A quel punto, avvenne l’errore fatale. Si decise cioè di concentrare la vera grande ragione della riforma – cioè la messa in regola impostaci giustamente dall’Europa di centinaia di migliaia di precari, che dagli anni Ottanta la politica italiana aveva vergognosamente accumulato nella scuola italiana – in un solo anno scolastico. Opera erculea rivelatasi del tutto impari alle possibilità della macchina burocratica centrale e periferica del MIUR. Il che spiega perché di anni ne saranno necessari almeno un altro paio, stante che ancora oggi almeno 30mila restano i precari supplenti, e molti di più coloro che o non hanno superato il concorso quest’estate o restano nelle graduatorie. Si può credere di darne colpa alla Giannini, ma è molto improbabile che chiunque altro al suo posto sarebbe riuscito nell’impresa. Era semplicemente impossibile: la ragionevolezza avrebbe dovuto sin dall’inizio far prevedere un ciclo triennale di procedure per la messa in ruolo.
Anche perché, se l’attesa era il consenso dei messi in ruolo, era un calcolo mal fatto. La politica italiana per decenni ha coltivato oscenamente l’esercito dei precari perché quello sì era un meccanismo capace di portare consensi, promettendo a ogni elezione regolarizzazioni che poi regolarmente mancavano. La messa in ruolo di massa, con un’estrazione territoriale tanto diseguale dei precari al Sud rispetto a una domanda da coprire soprattutto al Nord, ha inevitabilmente imposto procedure di assegnazione a mobilità regionale molto elevata, anche a centinaia di chilometri dagli incarichi a tempo per anni ricoperti dai precari nelle province e nelle regioni di residenza. Altra ragione che ha fatto esplodere le proteste.

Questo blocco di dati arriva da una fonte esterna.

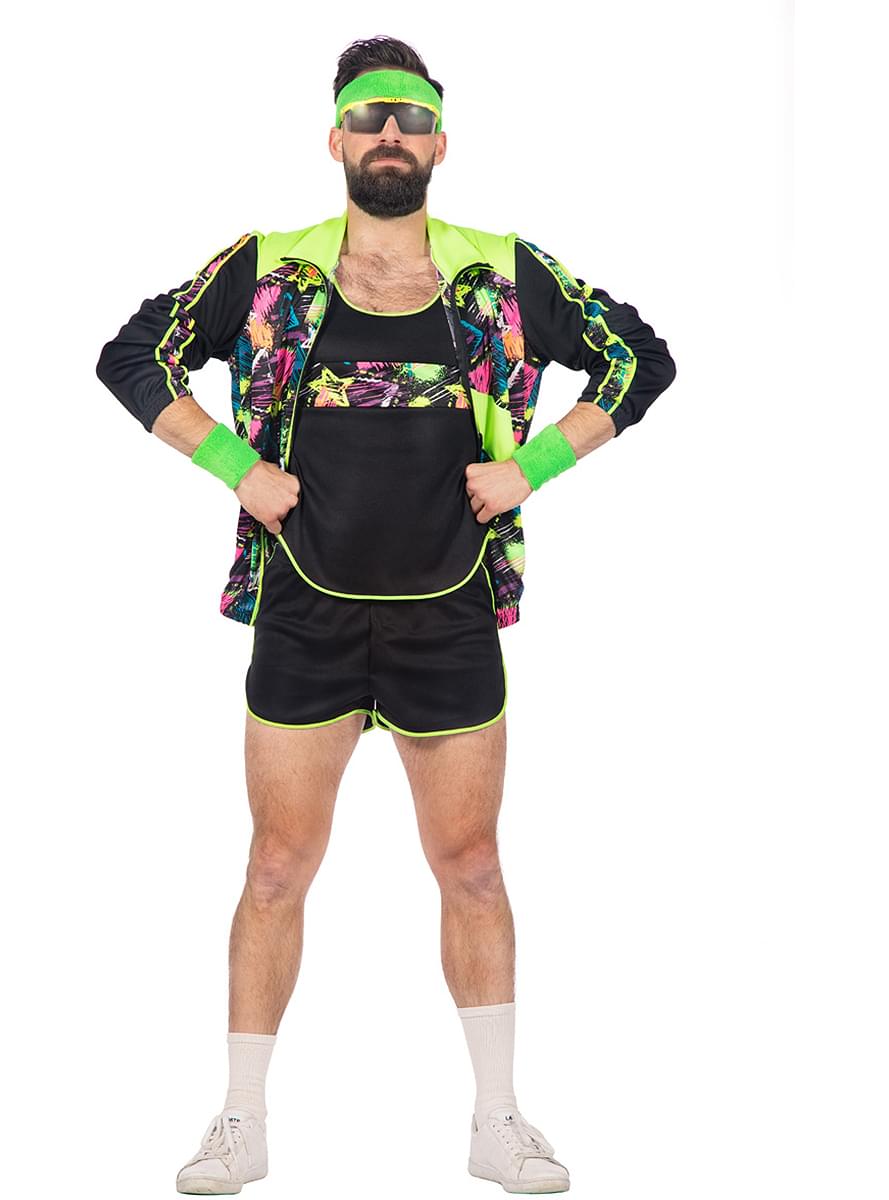 80s Aerobics Costume for Men - Perfect for Themed Parties Teminis.lt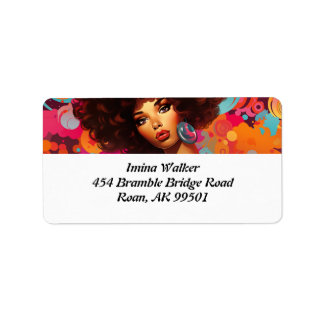 Diva Illumination: Diva-ish Delights Label Adressaufkleber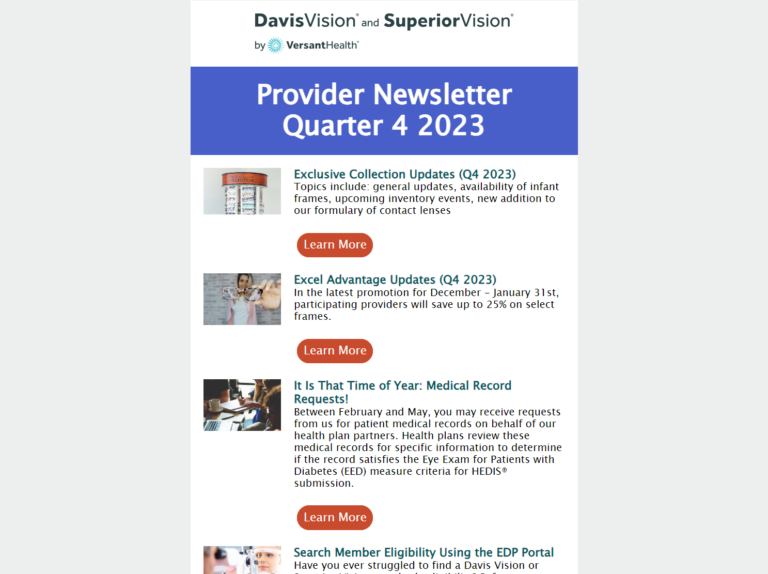 Low-quality preview of the Q4 2023 provider newsletter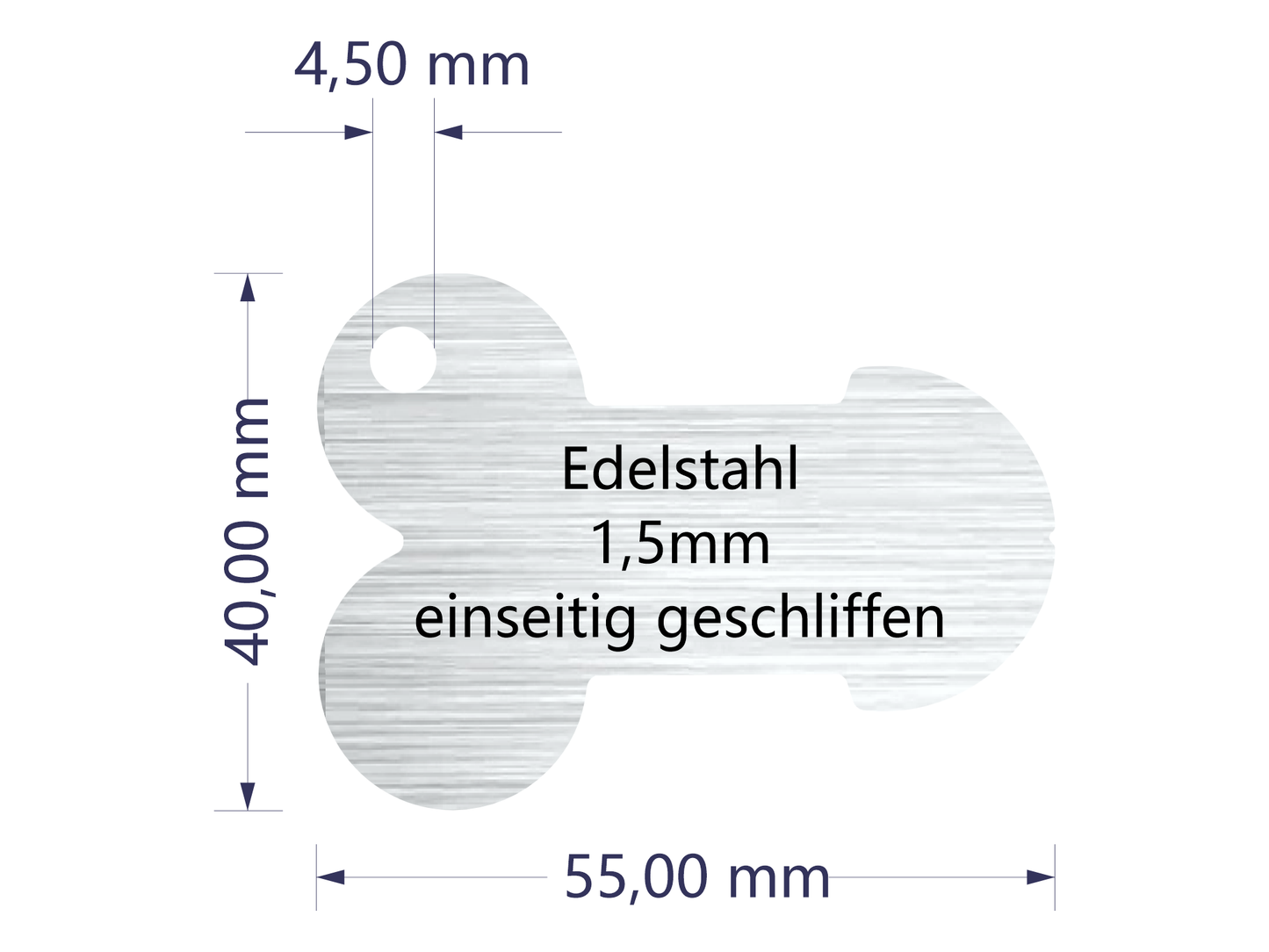 Schlüsselanhänger Einkaufswagenöffner Penis-Form Edelstahl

Conclusione. La Giannini paga per colpe che governo e Pd hanno in realtà ampiamente condiviso. Piuttosto, la morale è un’altra. Quando si varano riforme ad alto impatto, come Renzi ha tentato di fare, proprio la Buona Scuola dimostra che è meglio preferire interventi con princìpi chiari e forti da difendere con coerenza, piuttosto di piegarli nel tempo sminuendoli. Perché altrimenti si suscitano comunque vaste e dure proteste, ma insieme si attenuano però i consensi di chi le ha inizialmente condivise. Alla fine, la Giannini paga semplicemente perché è più debole dei suoi ex compagni di governo, punto.